Rickels, ahora director asociado del Centro de Política Europea, dijo que muchos en las capitales europeas y en Bruselas acogieron con agrado el “espíritu y la señal” del Reino Unido, pero destacó que estaba muy lejos de ser un proceso formal. “La UE necesita ver un consenso nacional sostenido de que el Reino Unido realmente ha cambiado de opinión”.
Reflexionando sobre su propia experiencia, dijo: “La UE puede trabajar con un Reino Unido que sabe lo que quiere. Lucha con un Reino Unido que quiere los beneficios de la integración manteniendo al mismo tiempo una política de aislamiento”.
“El mundo del Brexit se ha ido”, dijo, en alusión al militarismo ruso, la coerción económica china y la política de “Estados Unidos primero” de Donald Trump. “Creo que todos deberían ver con pleno conocimiento que el Reino Unido y la UE son parte del mismo espacio estratégico. Si ese es el consenso nacional (para que el Reino Unido vuelva a unirse)… creo que la UE involucrará a todos muy seriamente. ¿Pero estamos ahí ahora? Todavía no”.
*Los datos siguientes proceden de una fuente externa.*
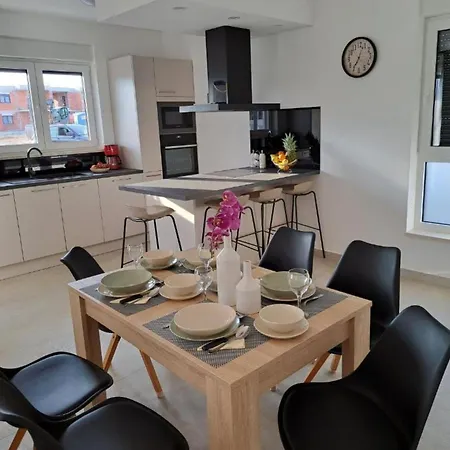 Villa Elegant Ilma With Pool - With Pool *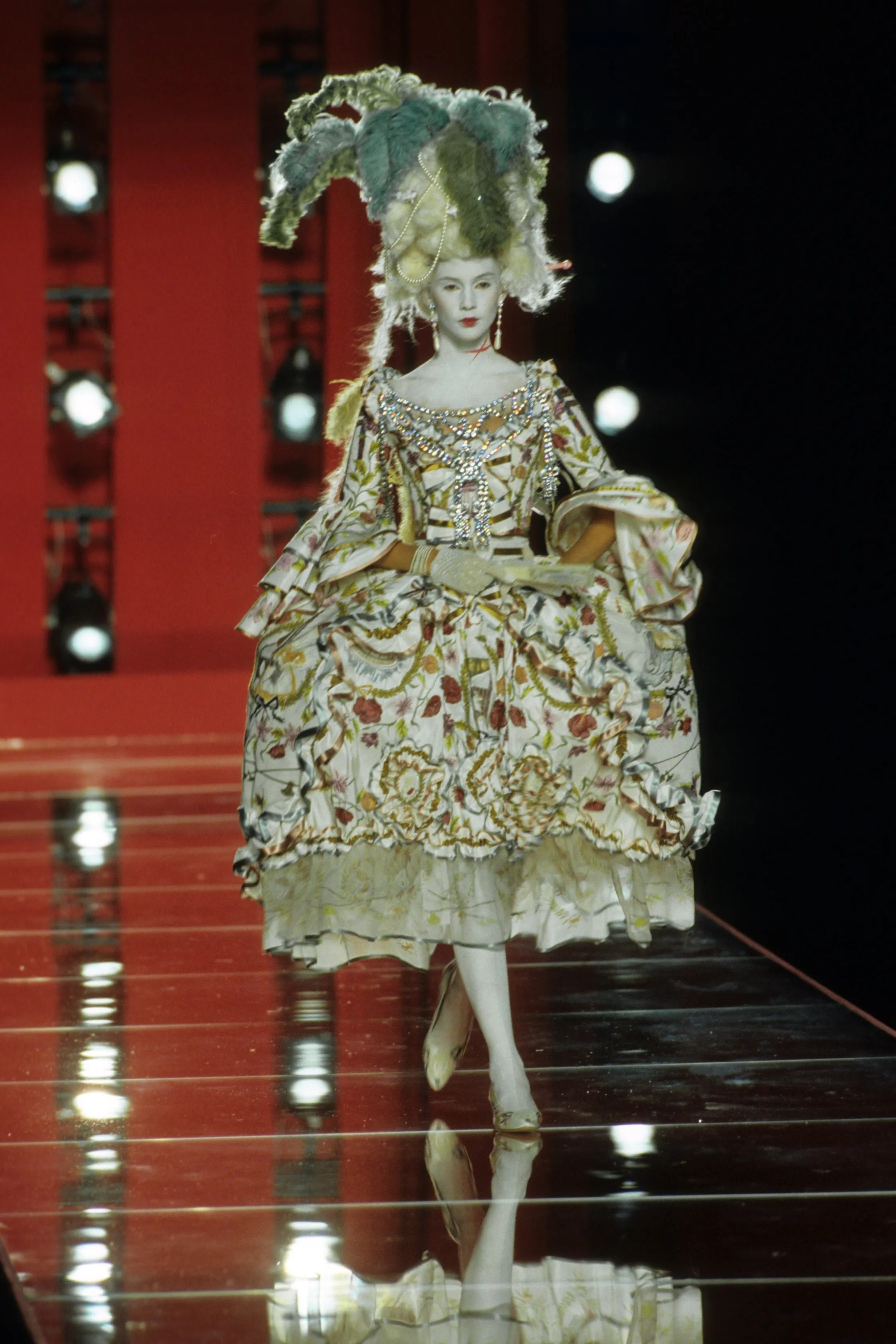 Christian Dior haute couture automne-hiver 2000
La principal portavoz de la Comisión Europea, Paula Pinho, se negó a comentar sobre los términos de las posibles conversaciones. Refiriéndose a la próxima cumbre UE-Reino Unido, que se espera ampliamente para principios de julio, dijo: “Se ha hablado de una cooperación más estrecha en varias áreas. Ahí es donde estamos y eso es lo que estamos haciendo, en preparación para la próxima cumbre, en lugar de especular sobre temas grandes, nuevos o renovados”.